Most importantly, EGS is self-liquidating: when an area becomes prosperous, the scheme dies a natural death. In contrast, the food subsidy is a Frankenstein monster that is still with us, even though India’s cereal problems are history. So how should the EGS be funded? While the draft Act proposed by the NAC had pinned its hopes on the Goods and Services Tax, but the reality is that GST still seems some way off. So we have to make hard choices if we still want to live within our means.
Government expenditure can be broken up into two groups: public goods (like law and order or judiciary), and subsidies (like EGA or the LPG subsidy). The provision of public goods is an essential role of the government and we should not tamper with it. The spending on EGS constitutes a subsidy and therefore the money should come from the existing head of subsidies.
Will that suffice? A note on the fiscal implication of the EGA prepared by Jean Dreze on behalf of the National Advisory Council gives some insight into the money required. His estimates are based on spending Rs 100 per day, and so Rs 10,000 per family per year, for the 4 crore rural households below the poverty line, which adds up to Rs 40,000 crore per year. Let us work with this estimate. The food subsidy of Rs 25,200 crore, the fertiliser subsidy of Rs 11,797 crore and the petroleum subsidy of Rs 6,573 crore are all poorly targeted subsidies. They do not reach the poor.
The food subsidy is spent on providing minimum support prices, on the operations of FCI and on the PDS, which is witnessing huge leakages. The fertiliser subsidy benefits either the fertiliser industry or the kulaks.

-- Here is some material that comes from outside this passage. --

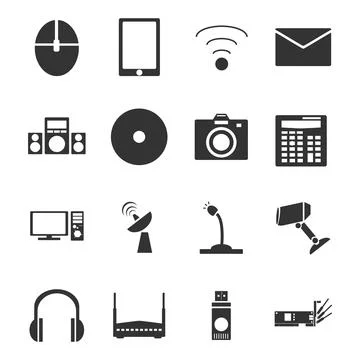 Miscellaneous multimedia raster icons vector Stock Illustration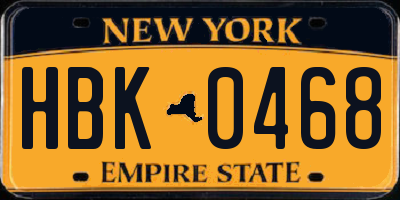 NY license plate HBK0468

The petroleum subsidy includes subsidy on LPG and kerosene. This is captured by the urban rich.
In the drafting of the Act it is crucial that there is certainty about funding. Otherwise, it will be easy for the government to dilute EGA, and some reports suggest that this has already happened, on the grounds that the government does not have the money. But the government seems to have money for LPG subsidies, whose recipients do not even have to put in a hard day’s work to receive it. In fact, they did not even have to protest much for the government to roll back the proposed hike of Rs 5 every month.
It is right to live within our budgetary contraints. And Dreze correctly emphasised the tax opportunity and the GDP growth opportunity in GST. But there is no sign of implementation on that score. The right thing to do is to draft the Act so that the National Employment Guarantee Fund has the first claim on public subsidies, that it is put together at the expense of the existing poorly targeted subsidies. Martin Ravallion, a top expert on poverty, pointed out that one way of assessing if growth was pro-poor was to examine whether the rate of growth of incomes of those below the poverty line was higher than the average growth of income.
If the EGA is funded out of subsidy programmes, then it squarely hits this goal: we will get higher income growth for the poor and slower income growth for the rich.